Are there any crazy jewelry stories or secrets that you’ve heard or learned?

Well I keep thinking about the Cheapside Hoard lately, and how amazing it would be to find a big wooden box full of 16th and 17th century jewels myself. Twice people have come in with big stashes of jewelry that had been locked in boxes for a very long time. It’s incredible to see things that have been stopped in time like that, without wear or any tinkering by some meddlesome 20th-century jeweler. Once someone brought in the contents of a chest that hadn’t been opened since the 1890s. There was tons of jewelry, and all really really nice stuff. It wasn’t for sale, but it was great to see.

Are there types of jewelry you think are currently underappreciated? (I would love it if crowns made a comeback, personally.)

Funny you mention crowns, because I was thinking tiaras. There are some super amazing tiaras out there, but there aren’t many buyers for them. I think maybe people see them as a little silly — like dressing up as a princess or something. Maybe we can bring them back.
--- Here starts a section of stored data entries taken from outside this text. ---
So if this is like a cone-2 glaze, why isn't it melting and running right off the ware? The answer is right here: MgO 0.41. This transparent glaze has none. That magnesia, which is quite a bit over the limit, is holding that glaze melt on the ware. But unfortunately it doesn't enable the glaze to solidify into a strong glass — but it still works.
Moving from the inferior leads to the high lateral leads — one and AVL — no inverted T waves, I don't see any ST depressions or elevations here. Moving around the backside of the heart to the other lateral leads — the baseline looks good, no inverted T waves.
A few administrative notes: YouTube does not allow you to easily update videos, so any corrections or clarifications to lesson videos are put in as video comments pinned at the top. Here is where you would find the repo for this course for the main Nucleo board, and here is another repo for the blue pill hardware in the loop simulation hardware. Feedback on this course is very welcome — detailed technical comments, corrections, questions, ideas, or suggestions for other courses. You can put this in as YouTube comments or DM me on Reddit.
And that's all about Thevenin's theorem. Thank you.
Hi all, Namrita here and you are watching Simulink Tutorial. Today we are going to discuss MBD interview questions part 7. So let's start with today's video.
But a whole era that I think is under appreciated is the 1940s. I love ’40s jewelry — it treads a nice line between Art Deco and mid-century. But it also marks a significant transition in how jewelry is made. After the war, labor became much more expensive, and intricate hand-made jewelry became unaffordable. So jewelers swapped labor intensive practices for pieces that were cast, but heavier in metal. I think that’s where the modern conception of equating quality with weight comes from.
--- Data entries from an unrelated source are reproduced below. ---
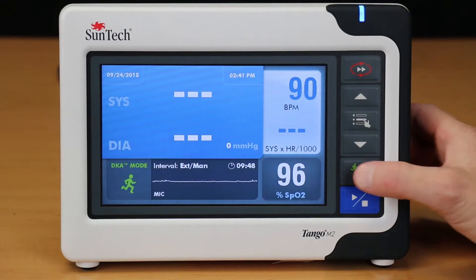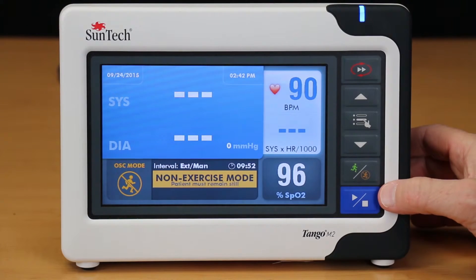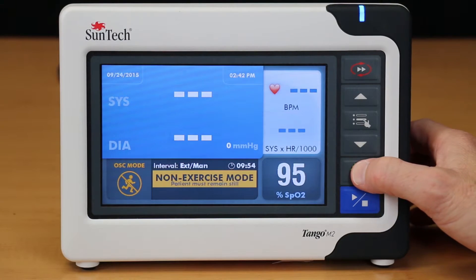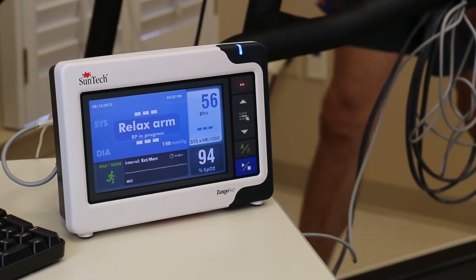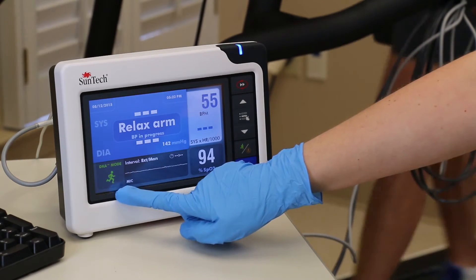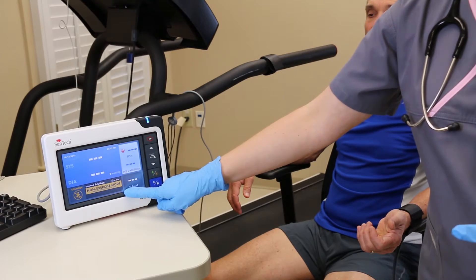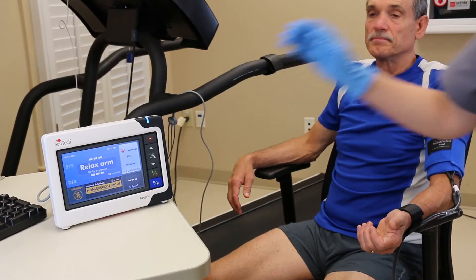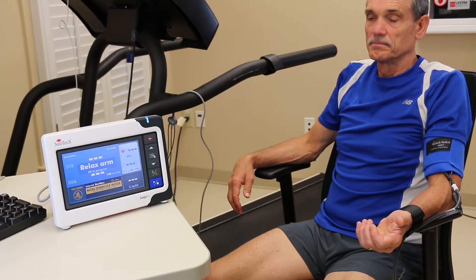On the right side of the Tango M2, on the button panel, is a button with a green running man icon and an orange non-running man icon. This button allows the Tango M2 to toggle between DKA and OSC modes. When a patient is on the treadmill or ergometer, the Tango M2 must be in DKA mode. However, if you need to take a reading on a patient who is not connected to the ECG electrodes, you can press this button to switch to OSC mode. Please note that OSC mode is not motion tolerant and cannot be used during a stress test.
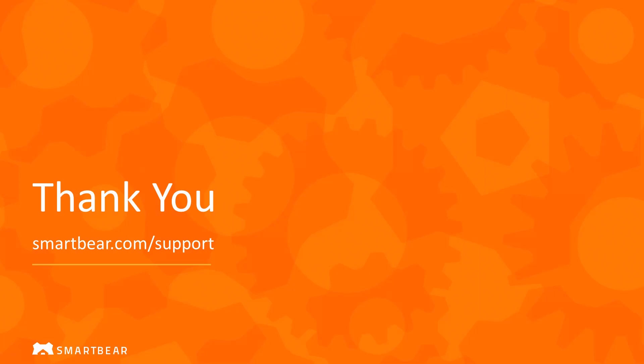This concludes our overview of automating TestComplete test runs. Thank you for watching.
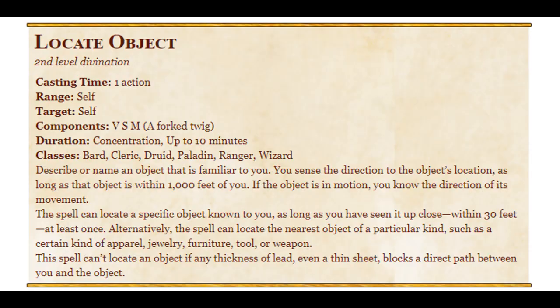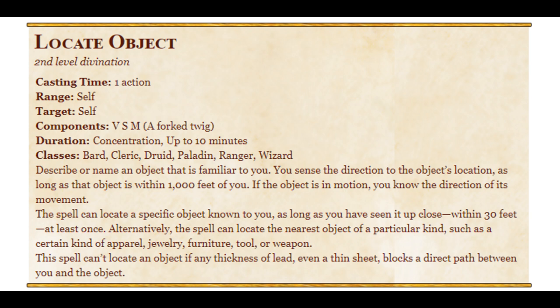Describe or name an object that is familiar to you. You sense the direction to that object's location as long as that object is within a thousand feet of you. If the object is in motion, you know the direction of its movement. A spell can locate a specific object known to you as long as you've seen it up close, within 300 feet, at least once. Alternately, it can locate the nearest object of a particular kind, such as a certain kind of apparel, jewelry, furniture, tool, or weapon. A spell can't locate an object if any thickness of lead, even a thin sheet, blocks a direct path between you and the object.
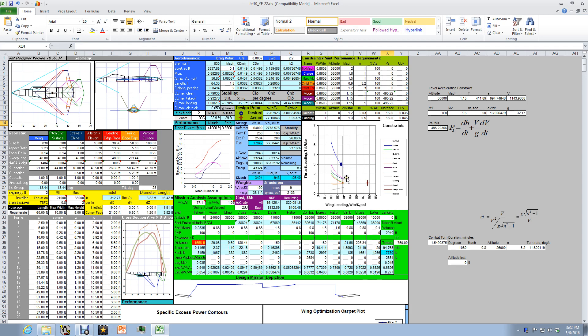Now, suddenly, the landing constraint, this vertical line, is far over to the left, below 40 pounds per square foot, maybe 37 pounds per square foot. And with that supercruise constraint of 1.8 Mach, it drives you to a required thrust-to-weight ratio of 3, which is completely unattainable.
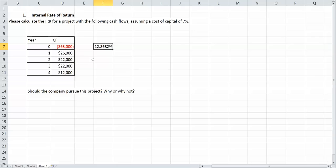So remember, internal rate of return, when it's greater than the cost of capital, you do. When your internal rate of return is less than your cost of capital, you're not going to pursue the project.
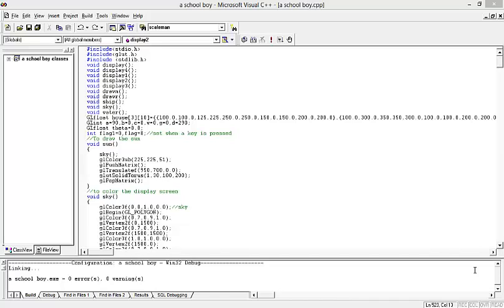Hello, welcome to the OpenGL projects. Today we are going to see another video demo. The project is named as a schoolboy.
What does a typical day of jewelry-hunting look like? I know you find stuff both in and outside NYC — and that lots of it now comes directly to you. Do you go looking for new stuff solo, mostly?

When I started out, I sort of wandered aimlessly, looking for good sources. I did a lot of traveling, and often came back empty-handed. Over time, I’ve developed relationships with a handful of people that consistently find nice things, so now I can buy much more efficiently. I travel to the midwest every month or two to buy from certain people. One of my best sources is a jeweler in Milwaukee, who like most any jeweler these days, buys gold. It’s not very glamorous, but I sit in his back room for four or five hours and sort through big messy containers piled with gold and platinum jewelry. Some really incredible stuff turns up there.

Buying right in New York is great, too. So much nice jewelry was made here and in Newark around the turn of the century. A lot of it is still here.

I mostly shop alone these days, but before we had a little baby, my wife Sara came along a lot. Her taste was incredibly helpful when I started out — steering me away from things that weren’t wearable, or that were just plain ugly.

[Congratulations!] Anything coming up for Erie Basin?

Like everyone and their mother, I’m thinking of starting a jewelry line of my own. It’s partly out of necessity — I have so many antique stones, and I need to do something with them. So far I’ve made one thing.